■ WHAT YOU SHOULD DO
Repeat exactly the lines from the start of the material below up to and including the "44477395 :رقم المزاد" line.

■ RECORDS
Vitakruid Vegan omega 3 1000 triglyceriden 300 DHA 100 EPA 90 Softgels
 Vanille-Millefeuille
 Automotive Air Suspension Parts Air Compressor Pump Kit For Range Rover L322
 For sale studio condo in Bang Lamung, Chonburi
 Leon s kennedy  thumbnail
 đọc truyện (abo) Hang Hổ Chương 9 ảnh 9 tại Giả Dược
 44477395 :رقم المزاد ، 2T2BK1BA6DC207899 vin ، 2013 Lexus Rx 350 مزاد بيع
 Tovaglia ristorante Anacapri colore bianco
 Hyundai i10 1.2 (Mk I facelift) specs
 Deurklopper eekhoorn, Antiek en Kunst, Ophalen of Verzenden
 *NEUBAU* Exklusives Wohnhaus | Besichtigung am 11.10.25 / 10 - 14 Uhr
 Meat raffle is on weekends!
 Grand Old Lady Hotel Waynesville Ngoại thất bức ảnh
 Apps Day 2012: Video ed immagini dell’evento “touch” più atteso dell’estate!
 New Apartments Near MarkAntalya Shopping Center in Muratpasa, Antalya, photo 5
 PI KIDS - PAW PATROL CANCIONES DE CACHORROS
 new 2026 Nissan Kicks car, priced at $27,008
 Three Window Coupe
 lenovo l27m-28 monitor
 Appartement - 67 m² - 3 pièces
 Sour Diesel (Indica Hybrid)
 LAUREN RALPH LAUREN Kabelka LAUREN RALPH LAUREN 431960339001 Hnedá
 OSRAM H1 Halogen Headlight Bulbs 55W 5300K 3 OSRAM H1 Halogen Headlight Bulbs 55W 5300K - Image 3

■ RESULT FOR THIS TASK
Vitakruid Vegan omega 3 1000 triglyceriden 300 DHA 100 EPA 90 Softgels
 Vanille-Millefeuille
 Automotive Air Suspension Parts Air Compressor Pump Kit For Range Rover L322
 For sale studio condo in Bang Lamung, Chonburi
 Leon s kennedy  thumbnail
 đọc truyện (abo) Hang Hổ Chương 9 ảnh 9 tại Giả Dược
 44477395 :رقم المزاد ، 2T2BK1BA6DC207899 vin ، 2013 Lexus Rx 350 مزاد بيع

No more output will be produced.